Crawled caption data
▬▬▬▬▬▬

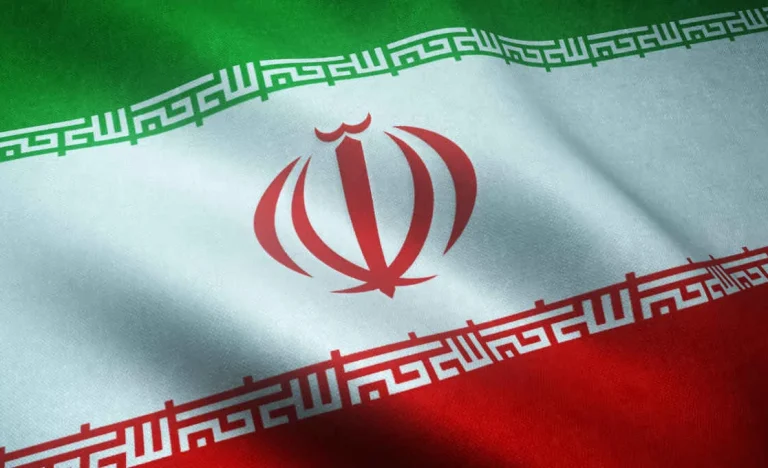 Líder Supremo do Irã: Quem sucede Khamenei? Voto popular no sistema teocrático e o futuro do poder iraniano após ataques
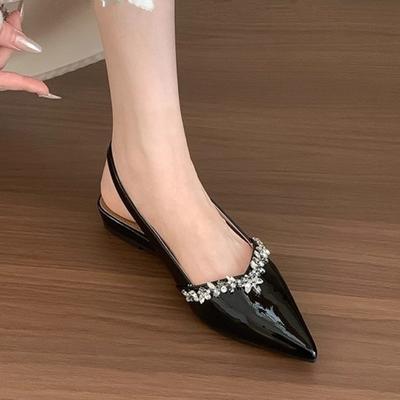 Мода 2025 Новые лакированные туфли-лодочки с острым носком и стразами, женские новые туфли на мягкой подошве с мелким вырезом и открытой пяткой
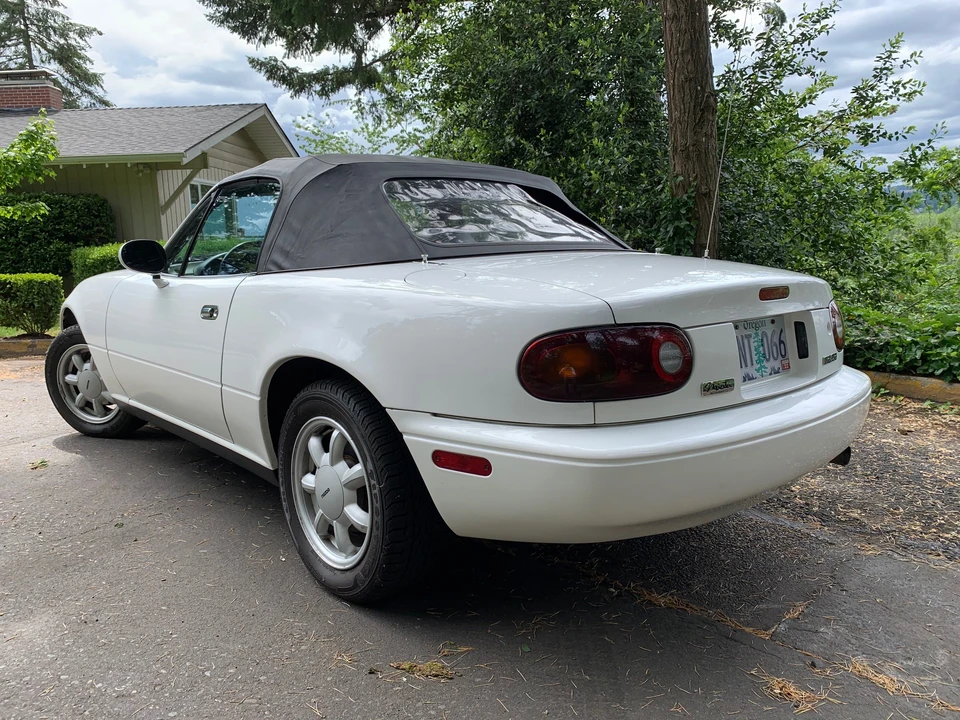 1991 Mazda NA MX-5 Miata - Image 3 of 31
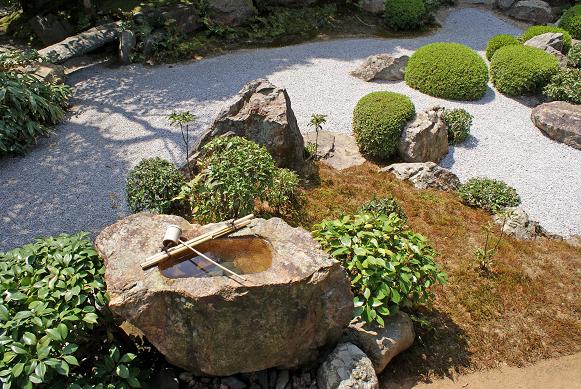 妙心寺退蔵院の2つの庭_b0063958_2321557.jpg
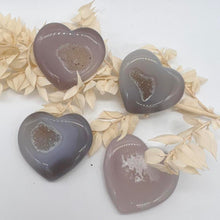 Load image into Gallery viewer, Druzy Agate Crystal Heart Carving Agate Heart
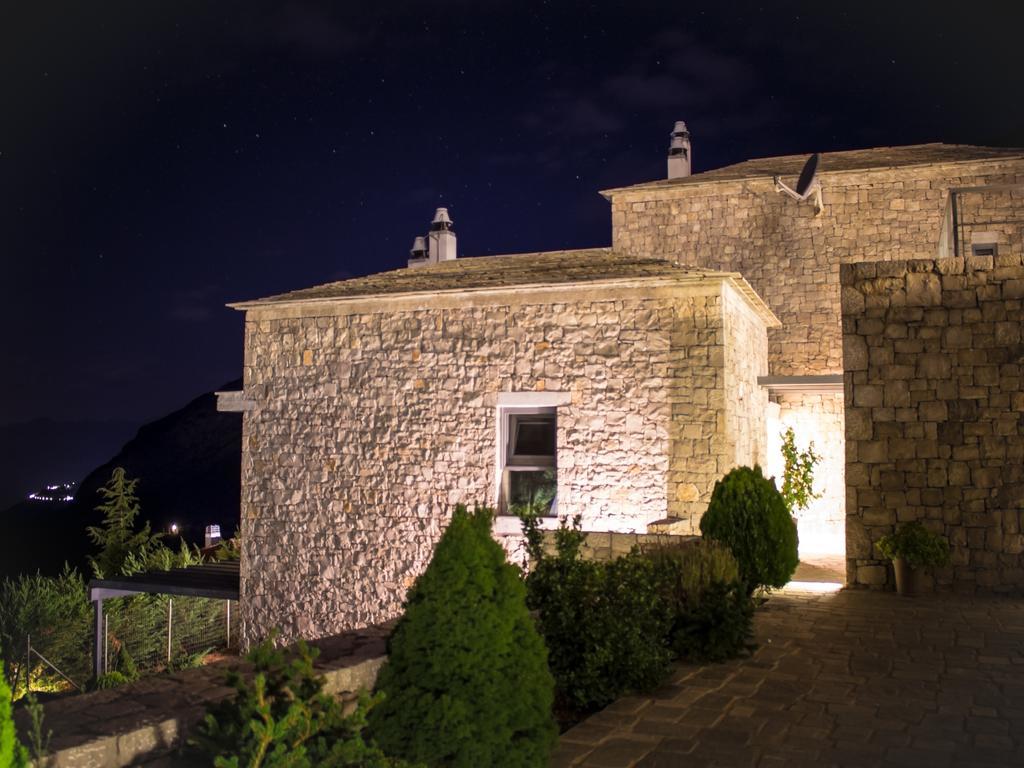 Elafivolia Arachova Suites ภายนอก รูปภาพ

▬▬▬▬▬▬

* EXERCISE DESCRIPTION: Beginning with the line that contains "1991 Mazda NA MX-5 Miata - Image 3 of 31" and ending with the last line of the data above, output those lines exactly and nothing more, without any pictures.

* WORKED SOLUTION:
 1991 Mazda NA MX-5 Miata - Image 3 of 31
 妙心寺退蔵院の2つの庭_b0063958_2321557.jpg
 Load image into Gallery viewer, Druzy Agate Crystal Heart Carving Agate Heart
 Elafivolia Arachova Suites ภายนอก รูปภาพ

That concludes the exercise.